Questa traccia, invece contenuta nell’ultimo disco “Fuori dalle Labbra” uscito in estate, racconta di una giovane e sfortunata principessa, Giovanna di Castiglia, futura regina di Spagna, rinchiusa in una torre, privata del suo trono, di potere, libertà e dignità, poiché accusata ingiustamente di pazzia. È stata allontanata dal suo grande amore, suo marito Filippo, sua croce e sua delizia, colui che ama follemente e da cui viene puntualmente tradita. Dalla torre-prigione, in cui rimarrà reclusa per 20 anni, Giovanna può guardare fuori, attraverso la fessura di una finestra: vede il bosco, intuisce il fiume, la vita al di là di quelle mura, ma intorno a lei resta soltanto il freddo ed il silenzio, unici custodi delle sue lacrime. L’atmosfera della canzone è incantata, l’arrangiamento ricorda alcune canzoni anni ’60 dei Procol Harum. Malinconica e romantica, è una ballata che nel suo finale assume toni ruvidi, ricordandoci ancora l’anima indie-rock dell’autrice.

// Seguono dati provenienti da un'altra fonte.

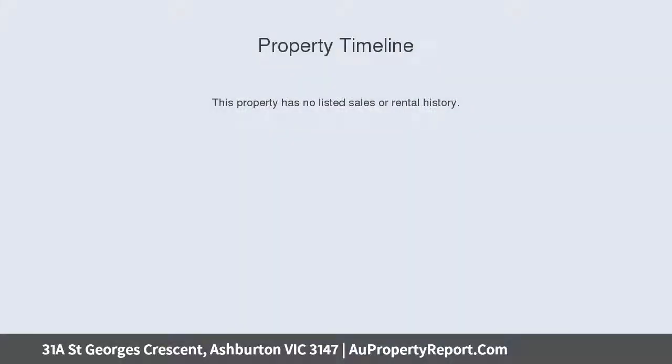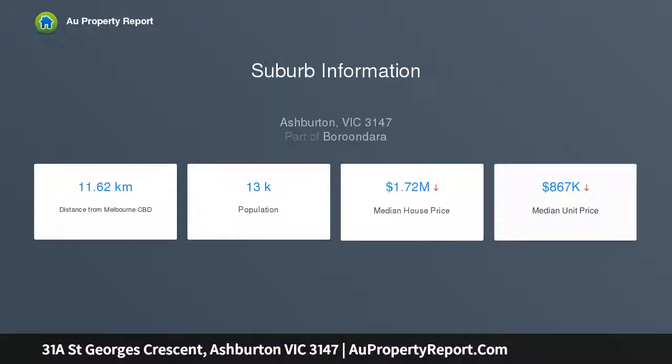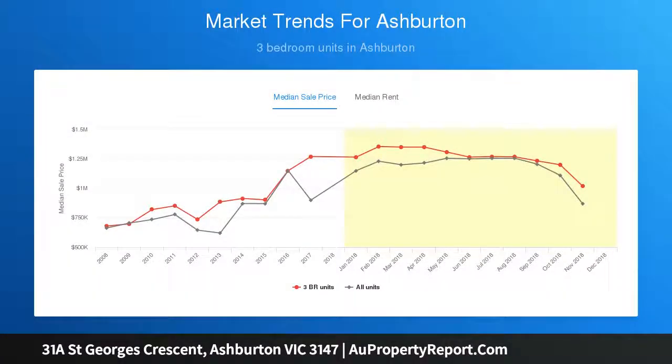Ideally positioned near Watson Park, renowned local and independent schools, and East Malvern station. Cleverly designed with family flexibility in mind, the beautifully spacious accommodation features multiple living and entertaining domains, a study, and indoor-outdoor alfresco zones.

Francesca Romana Perrotta, cantautrice, musicista e compositrice, già in tour con artisti del calibro di Cristiano De André (“De André canta De André” Tour 2009) e Teresa De Sio (Tour Teatrale 2008), conosciuta su scala nazionale dal 2005, grazie al suo brano d’esordio “In genere sogno”, presentato da Fiorello su Radio RAI 2.

Vincitrice di numerosi premi, Francesca Romana Perrotta canta le donne senza voce. Artista impegnata da sempre nel sociale, in difesa dei diritti delle donne, Francesca Romana Perrotta dedica una parte importante dei suoi concerti, oltre ad un intero spettacolo parallelo dal titolo “Francesca Romana Perrotta canta le Donne senza voce”, al tema della “Femminilità” nei suoi aspetti più reconditi, ancestrali, discussi ed ambigui che, come un filo rosso, lega tutte le sue canzoni.

Questi brani sono volti a sostenere un preciso impegno sociale nei confronti delle donne sfruttate o incomprese e delle loro storie spesso dimenticate: la canzone d’autore, come elemento di cultura e non solo come mero intrattenimento, bussa insistente alle porte della nostra coscienza.

“È una voce che suona libera da pregiudizi e stereotipi, piena di una passione assoluta e di un forte senso della dignità umana, prima ancora che femminile”
Pupi Avati

Nel 2018 è stata ospite al Festival di Sanremo, per RAI News e anche presso il Pala-Siae ed il Premio Tenco.

Ha inoltre vinto numerosi e prestigiosi premi: in tre diverse edizioni (2007, 2010 e 2016) è stata vincitrice del Festival Musicultura, nel 2009 è stata la prima donna in Italia a vincere il Premio De Andrè, nel 2010 ottiene il premio Poggio Bustone dedicato a Lucio Battisti, il Premio Civilia nel 2016 e il Premio Lauzi nel 2019.

Il quarto album, “Fuori dalle labbra”, registrato nello studio Numeri di Rimini, con la produzione artistica di Cristian Bonato ed insieme a musicisti del calibro di Tommy Graziani, Massimo Marches e Francesco Cardelli, e masterizzato da Giovanni Versari presso lo studio La Maestà di Monza, esce nel giugno 2023, edito da Curci, prodotto con ARTEN e distribuito da Sony Music Italy per Be Next Music.

Il terzo singolo estratto “La Canzone Segreta” esce il 31 marzo 2023 in collaborazione con Sorry Mom! e Be NEXT Music, seguito da “Alchemica” e dall’ultimo “Canzone d’Inverno”.